By Kim Hyun-cheol
Staff Reporter
eBay said Thursday it will make a cash tender offer of up to $1.2 billion to acquire a controlling stake in Gmarket, Korea's leading e-commerce company.
The per share price is set at $24 for over 67 percent of the Gmarket shares, including a 10-percent stake originally owned by Yahoo.
``This deal creates strong operational synergies between the two market leaders, offering more opportunities for sellers and enhances our ability to serve complementary consumer segments,'' eBay's CEO John Donahoe said in a statement.
The announcement came a couple of days after eBay said it will spin off its Skype unit through an initial public offering.
The online auction firm has been in talks with Interpark, Gmarket's parent company, to buy stakes in the firm since last August. Seoul regulators have given a green light to the deal.

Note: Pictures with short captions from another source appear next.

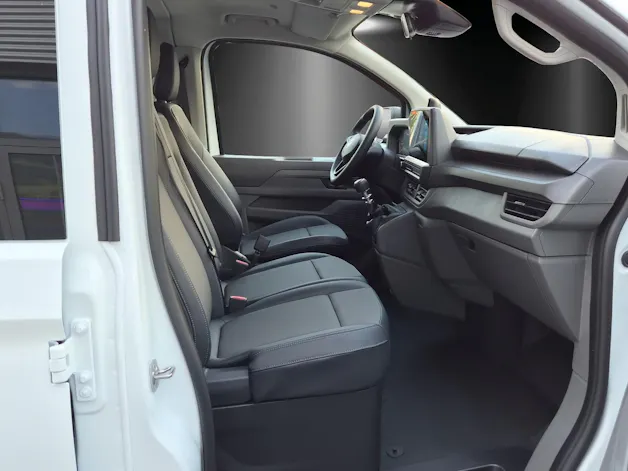 VW Transporter 2.0 TDI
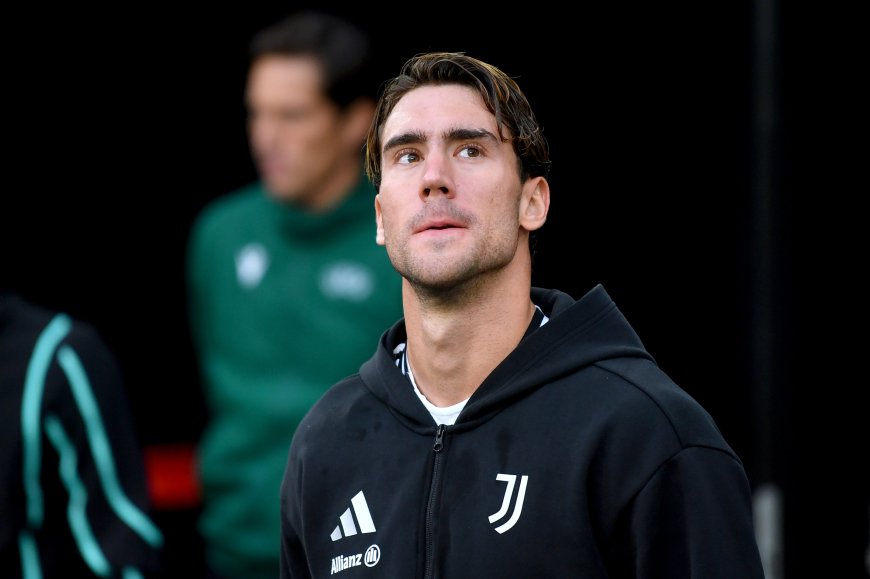 Arsenal Freshly Linked to Juventus Forward Vlahovic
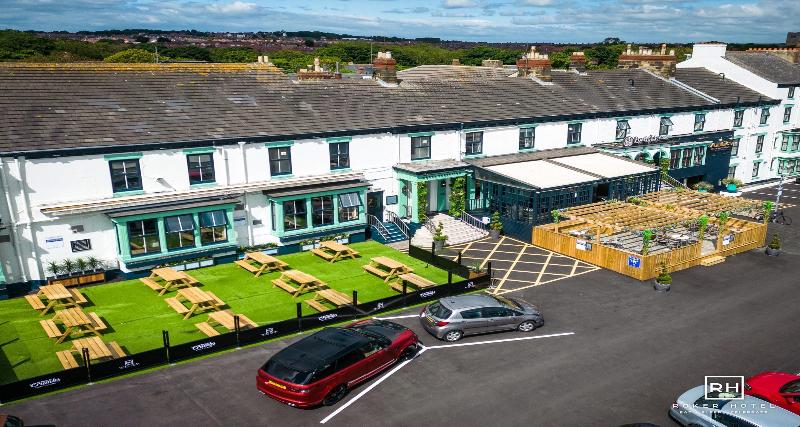 Best Western Roker Hotel - Genel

John Pluhowski, eBay's vice president, said the acquisition is one of the largest deals it has made in a decade at a press conference in Seoul.
eBay said this was part of its ambitious plan to advance into the ever-growing Asian online market. Asia is a market moving and growing quickly, Pluhowski said, and the takeover enables the company to build a platform for growth ``not only in Korea, but in Asian regions and beyond.''
Japan will be eBay's first destination to enter after the Gmarket acquisition, said Jay Lee, eBay's corporate senior vice president.
``Gmarket units there will be able to appeal to Japanese customers through eBay's already established networks,'' Lee said.
The company will purportedly combine the Korean e-commerce Web site with its own Korean marketplace unit, Auction, which it acquired in 2001.
It said there were no plans to restructure Gmarket and Auction after the deal.
``There's no reason for restructuring. We need more people in consideration of our advancing overseas,'' Lee said.
Current trade amounts of the two companies stand at about seven trillion won ($5.3 billion) per year, but they aim to expand the size to 10 trillion won, he added.
Gmarket and Auction take up nearly 90 percent of the online shopping market in Korea, with their users estimated at over 15 million.